The authors did not examine why blocks change so quickly once a transition begins. But Stepinski said it's possible that development such as logging roads or drainage required to clear forest makes continued change that much easier.

"I can only speculate because that was not part of the study, but I would imagine two things are happening," he said. "If you are cutting forest, you have the infrastructure to finish it. It's so much easier to cut the rest. Second, the forest is more vulnerable to change when there has been a disturbance." 

Wildlife managers often try to preserve larger intact blocks to prevent fragmentation, said Martin McCallister, the Appalachian Forest project manager for the Edge of Appalachia Nature Preserve in southern Ohio. The preserve is managed by the Nature Conservancy, one of the world's largest wildlife conservation organizations.

"You'd be hard pressed to find land managers who wouldn't be strongly in favor of protecting larger tracts because they're more resilient to a variety of challenges, including invasive species and climate change," McCallister said. "Once a property gets fragmented by roads, it's easier to extract resources. It's also easier for invasive species and pests to get a foothold."

McCallister said woodlands can be fragmented on paper, too.

"In Ohio, 96 percent of our woodland owners have less than 50 acres. They represent a lot of small parcels," he said.

The UC study found that mixed land types don't stay mixed for long. 

"I think it is interesting that this property applies both to natural and human landscapes," said co-author Nowosad, a former UC postdoctoral researcher who now works as an assistant professor at the Adam Mickiewicz University in Poland.
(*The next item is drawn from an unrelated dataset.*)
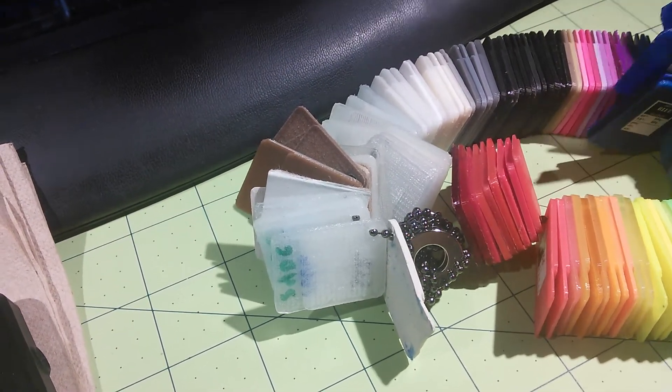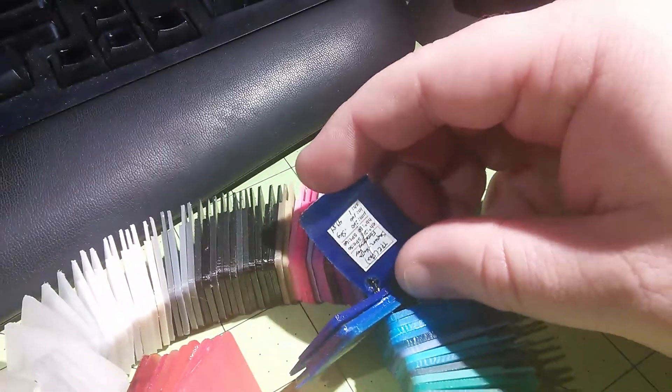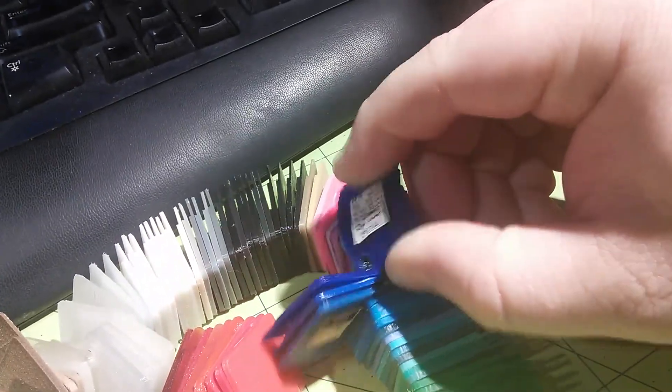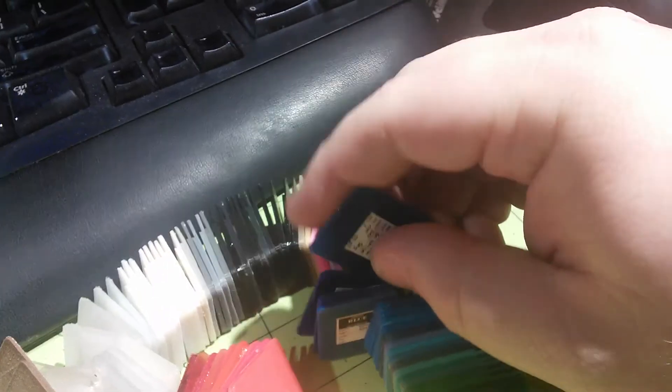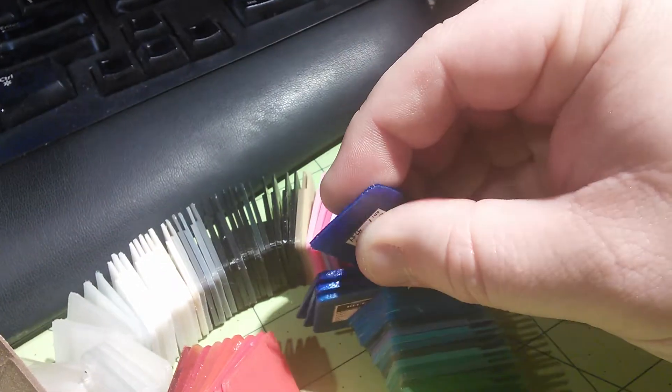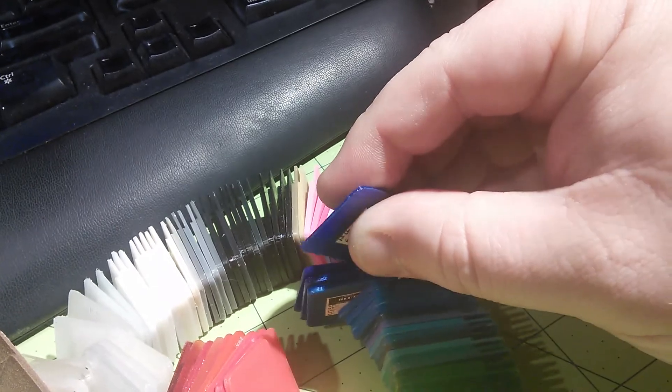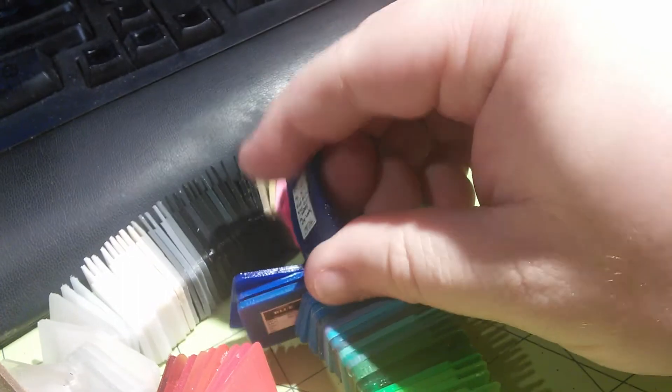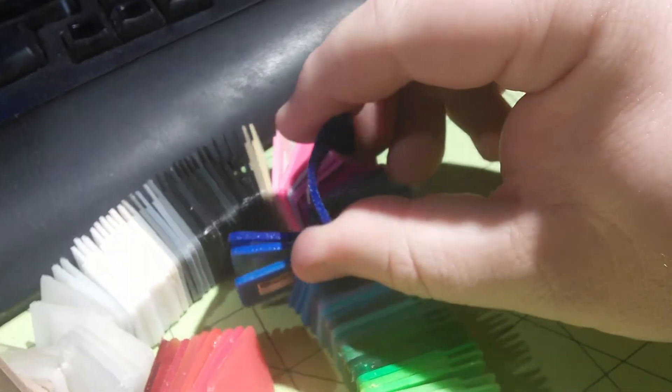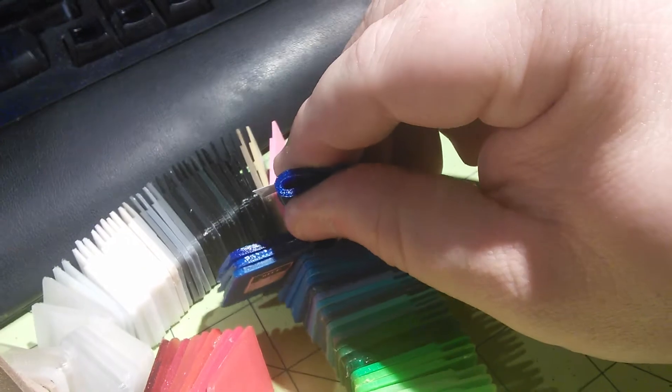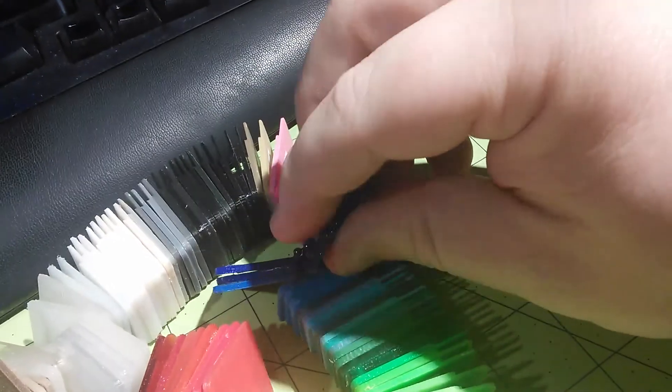But I do have some NinjaFlex, and this stuff is really flexible. Oops, you can see the stickers are starting to come off already. You can literally see it doesn't take much force to actually bend it, and then it pops right back.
Nowosad said the study provides a data-driven model of long-term landscape change. While researchers only looked at changes between forest and agriculture, Nowosad said it would be worthwhile to examine whether tipping points exist for other landscape transitions.

"This model can be used to help understand how landscapes evolved and are going to evolve in the future," Nowosad said.
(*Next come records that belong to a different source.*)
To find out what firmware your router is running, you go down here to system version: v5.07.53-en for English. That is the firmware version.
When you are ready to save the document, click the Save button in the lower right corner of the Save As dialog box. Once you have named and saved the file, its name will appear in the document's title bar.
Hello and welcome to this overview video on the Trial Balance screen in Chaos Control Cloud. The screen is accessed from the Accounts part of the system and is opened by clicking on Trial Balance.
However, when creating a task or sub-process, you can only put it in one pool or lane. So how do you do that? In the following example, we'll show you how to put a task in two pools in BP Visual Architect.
Stepinski, a physicist who worked for NASA before coming to UC, said the principle borrows from other disciplines, particularly astrophysics.

"If you look at the evolution of stars, the principle is you predict a long-term path statistically from short-term knowledge," Stepinski said. "It's an idea that has been used elsewhere but never for environmental study."

While it's only a theory, it's one that could be borne out by time, he said.

"It's thought-provoking. My hope is that people will criticize it and come up with different ideas," Stepinski said.